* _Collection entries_
BEGIN
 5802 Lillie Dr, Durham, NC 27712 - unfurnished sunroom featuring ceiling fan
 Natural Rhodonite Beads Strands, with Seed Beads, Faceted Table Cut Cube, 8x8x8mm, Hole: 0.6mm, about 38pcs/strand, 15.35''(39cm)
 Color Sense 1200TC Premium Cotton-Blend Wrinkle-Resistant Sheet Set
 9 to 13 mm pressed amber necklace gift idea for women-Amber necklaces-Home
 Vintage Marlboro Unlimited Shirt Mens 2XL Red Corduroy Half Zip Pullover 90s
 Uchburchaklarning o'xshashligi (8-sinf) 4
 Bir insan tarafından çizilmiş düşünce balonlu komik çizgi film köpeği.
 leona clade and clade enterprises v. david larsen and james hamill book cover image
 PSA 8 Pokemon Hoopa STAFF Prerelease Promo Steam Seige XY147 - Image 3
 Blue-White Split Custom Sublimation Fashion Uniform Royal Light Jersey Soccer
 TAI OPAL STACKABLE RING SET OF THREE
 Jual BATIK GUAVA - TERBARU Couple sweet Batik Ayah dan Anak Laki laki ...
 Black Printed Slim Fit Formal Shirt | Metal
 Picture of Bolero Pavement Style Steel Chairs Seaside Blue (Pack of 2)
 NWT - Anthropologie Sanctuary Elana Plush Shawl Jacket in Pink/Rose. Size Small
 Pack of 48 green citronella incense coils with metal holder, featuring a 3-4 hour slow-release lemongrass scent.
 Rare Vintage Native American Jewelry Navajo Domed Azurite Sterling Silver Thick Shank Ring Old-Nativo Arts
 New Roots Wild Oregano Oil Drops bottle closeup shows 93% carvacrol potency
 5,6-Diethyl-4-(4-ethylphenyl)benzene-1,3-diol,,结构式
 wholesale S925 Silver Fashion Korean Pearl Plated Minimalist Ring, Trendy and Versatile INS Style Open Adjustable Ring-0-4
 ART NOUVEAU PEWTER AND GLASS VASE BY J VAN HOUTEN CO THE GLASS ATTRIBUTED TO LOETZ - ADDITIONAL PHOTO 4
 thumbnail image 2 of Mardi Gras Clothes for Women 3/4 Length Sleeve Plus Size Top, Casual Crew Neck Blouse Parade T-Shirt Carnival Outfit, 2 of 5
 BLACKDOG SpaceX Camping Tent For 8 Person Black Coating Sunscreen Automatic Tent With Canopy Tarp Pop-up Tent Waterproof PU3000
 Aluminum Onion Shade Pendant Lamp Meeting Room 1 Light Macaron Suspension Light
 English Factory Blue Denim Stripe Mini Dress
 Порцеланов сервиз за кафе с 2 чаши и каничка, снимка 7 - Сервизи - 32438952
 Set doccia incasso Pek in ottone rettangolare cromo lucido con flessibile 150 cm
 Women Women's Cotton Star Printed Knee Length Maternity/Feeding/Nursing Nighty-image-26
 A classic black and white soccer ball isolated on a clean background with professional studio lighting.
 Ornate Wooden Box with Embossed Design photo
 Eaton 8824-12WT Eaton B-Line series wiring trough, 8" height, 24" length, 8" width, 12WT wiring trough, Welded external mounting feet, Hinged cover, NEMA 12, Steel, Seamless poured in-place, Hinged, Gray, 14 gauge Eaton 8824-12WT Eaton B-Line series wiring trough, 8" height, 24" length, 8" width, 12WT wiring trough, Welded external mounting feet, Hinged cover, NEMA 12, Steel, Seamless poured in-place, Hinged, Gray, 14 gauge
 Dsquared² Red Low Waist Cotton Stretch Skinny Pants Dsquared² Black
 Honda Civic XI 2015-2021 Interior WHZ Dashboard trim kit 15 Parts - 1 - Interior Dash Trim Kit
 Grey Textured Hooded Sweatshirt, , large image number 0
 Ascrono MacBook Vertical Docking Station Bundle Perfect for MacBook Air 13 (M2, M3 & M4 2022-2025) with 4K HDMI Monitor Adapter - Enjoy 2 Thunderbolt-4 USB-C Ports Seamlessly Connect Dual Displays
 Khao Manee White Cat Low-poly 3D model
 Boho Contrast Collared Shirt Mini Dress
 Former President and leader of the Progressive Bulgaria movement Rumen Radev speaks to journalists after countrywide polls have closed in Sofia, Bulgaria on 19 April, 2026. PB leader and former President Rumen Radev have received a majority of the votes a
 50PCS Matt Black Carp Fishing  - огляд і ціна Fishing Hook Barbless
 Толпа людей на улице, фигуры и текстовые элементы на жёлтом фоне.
END
* _Work instructions_
Exactly the lines above from the one with "BLACKDOG SpaceX Camping" to the one with "Grey Textured Hooded", both included, are to be quoted; leave the rest out.

* _Final answer_
 BLACKDOG SpaceX Camping Tent For 8 Person Black Coating Sunscreen Automatic Tent With Canopy Tarp Pop-up Tent Waterproof PU3000
 Aluminum Onion Shade Pendant Lamp Meeting Room 1 Light Macaron Suspension Light
 English Factory Blue Denim Stripe Mini Dress
 Порцеланов сервиз за кафе с 2 чаши и каничка, снимка 7 - Сервизи - 32438952
 Set doccia incasso Pek in ottone rettangolare cromo lucido con flessibile 150 cm
 Women Women's Cotton Star Printed Knee Length Maternity/Feeding/Nursing Nighty-image-26
 A classic black and white soccer ball isolated on a clean background with professional studio lighting.
 Ornate Wooden Box with Embossed Design photo
 Eaton 8824-12WT Eaton B-Line series wiring trough, 8" height, 24" length, 8" width, 12WT wiring trough, Welded external mounting feet, Hinged cover, NEMA 12, Steel, Seamless poured in-place, Hinged, Gray, 14 gauge Eaton 8824-12WT Eaton B-Line series wiring trough, 8" height, 24" length, 8" width, 12WT wiring trough, Welded external mounting feet, Hinged cover, NEMA 12, Steel, Seamless poured in-place, Hinged, Gray, 14 gauge
 Dsquared² Red Low Waist Cotton Stretch Skinny Pants Dsquared² Black
 Honda Civic XI 2015-2021 Interior WHZ Dashboard trim kit 15 Parts - 1 - Interior Dash Trim Kit
 Grey Textured Hooded Sweatshirt, , large image number 0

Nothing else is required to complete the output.